OC Human Relations Commission Releases the 2013 Hate Crime Report
FOR IMMEDIATE RELEASE, August 21, 2014
Rusty Kennedy, CEO, OC Human Relations
The 2013 Orange County Hate Crime Report shows an increase in violent hate crimes, or crimes against people and a decrease in crimes against property like vandalism. “We cannot stand for violence of any kind and violence motivated by hate is no exception. The Commission believes that a crime against one of us, is a crime against all of us, this report tells us that we must remain vigilant in our work to eliminate prejudice and discrimination in Orange County”, said Commission Chair Ken Inouye.
The 23rd annual OC Human Relations Commission Hate Crime Report is based on our collaboration between OC law enforcement agencies and community organizations. The focus of the report is bias related crime called “Hate Crime” which is motivated by the perpetrator’s perception of the victim’s race, religion, sexual orientation, gender, or disability status.
“Our continued and collaborative efforts to create peace by promoting mutual understanding and respect in our neighborhoods may be the most powerful way to prevent crime and victimization. This report is an important reminder to us all that we still have work to do and that one hate crime is one too many.” Said David L. Maggard Jr., Chief of Police, City of Irvine and Orange County Human Relations Commissioner.
1. Over all Hate Crime in Orange County fell nearly 20% in 2013. 49 reported in 2013, down from 61 reported in 2012.
2. Hate Crime is down almost half from a decade ago in 2004.
3. Violent Hate Crime is UP in Orange County. The overall reduction in hate crime is due to reduced vandalism. Hate Crimes against persons are actually up from 24 in 2012 to 28 in 2013.
• 11 African American down from 13 in 2012
• Lowest number of hate crimes against African Americans in a decade.
• Consistently the most frequent victim of Hate Crime
• 7 Sexual Orientation motivated hate crimes down from 13 in 2012
• Maybe reflective of increased acceptance of the LGBT community
• 5 Jewish motivated hate crimes down from 11 in 2012
• 6 Muslim or Arab motivated hate crimes up from 4 in 2012
• Traditionally a low reporting community due to immigration status concerns
• Latino motivated reported hate crimes down to 3 from 6 in 2012.
Asian/White/Christian and Other
• Low numbers consistently
1. This report of hate crime may seem like a bunch of numbers to some in our cities, but each number represents a time when one of our neighbors was singled out, because of the color of their skin, their sexual orientation, their beliefs, or other inalienable aspect of their being, and harmed. LIKE:
a. The synagogue that was defaced with Swastikas, OR
b. The African American man assaulted and choked while being called “N—-r”, OR
c. The Muslim woman whose hijab was ripped from her head as epithets were screamed at her, OR
d. The Gay man punched in the stomach and called “F—-t” as he was warned to stay away from the neighborhood or be killed; OR
e. The Latino man called a “W-t b–k” and cursed and threatened with murder; OR
f. The Asian youth called “G–k” while a knife was pulled on him.

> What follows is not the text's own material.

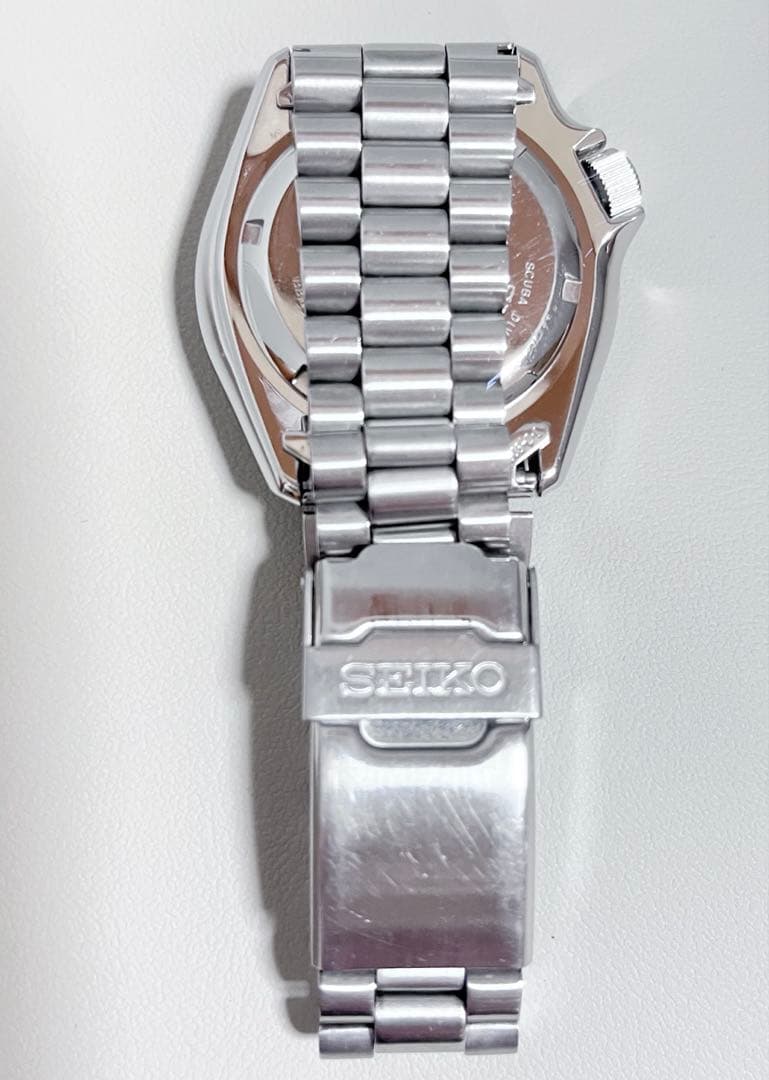 美品 セイコー SEIKO ダイバーブラックバレット 7S26-02K0 自動巻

2. The OC Human Relations Commission, on behalf of the OC Board of Supervisors, OC Police and Sheriff’s departments, and the diverse residents of this community stand in unity today to say that,
In this 50th Anniversary of the Civil Right Act we still fall short of equality.

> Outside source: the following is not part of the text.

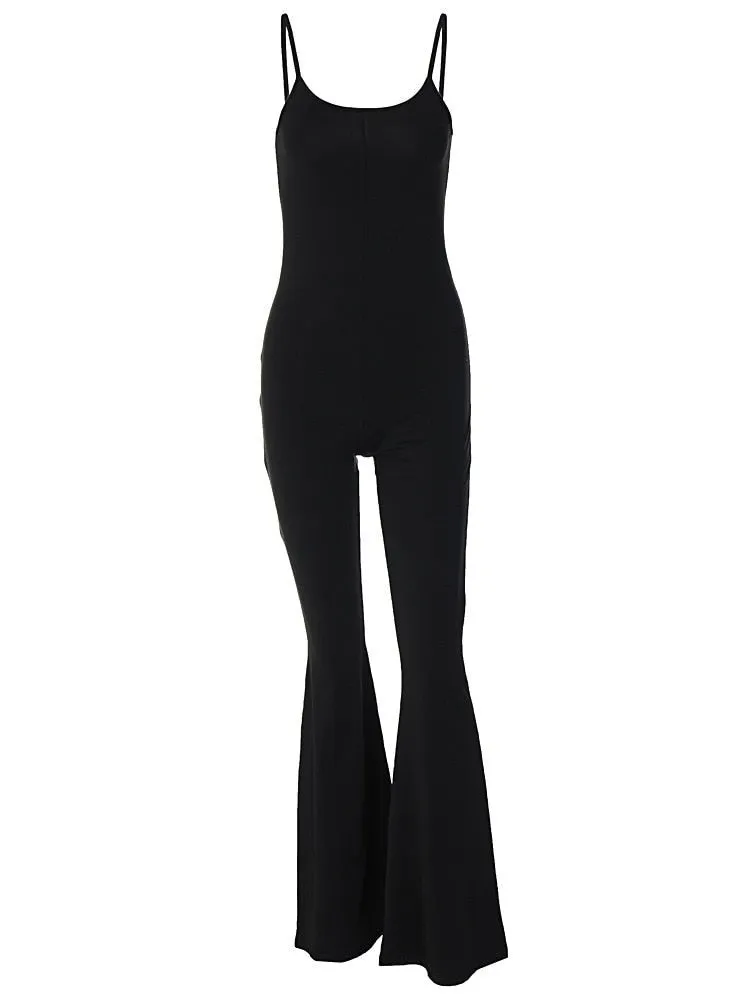 Selena Flared Jumpsuit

We must document this bias related crime, and tell the stories of those singled out as targets of these hate motivated attacks.
We must educate our community about the harassment and violence some in our community are facing due to arbitrary aspects of their beings.
We must stand together to support hate crime victims, prosecute perpetrators, and prevent hate crime in the future by bringing diverse residents together to learn about their commonality.
About OC Human Relations Commission
Since 1971, OC Human Relations Commission has worked to build bridges of understanding to promote a vision of our community where all people are valued and included and our diversity is realized as a source of strength.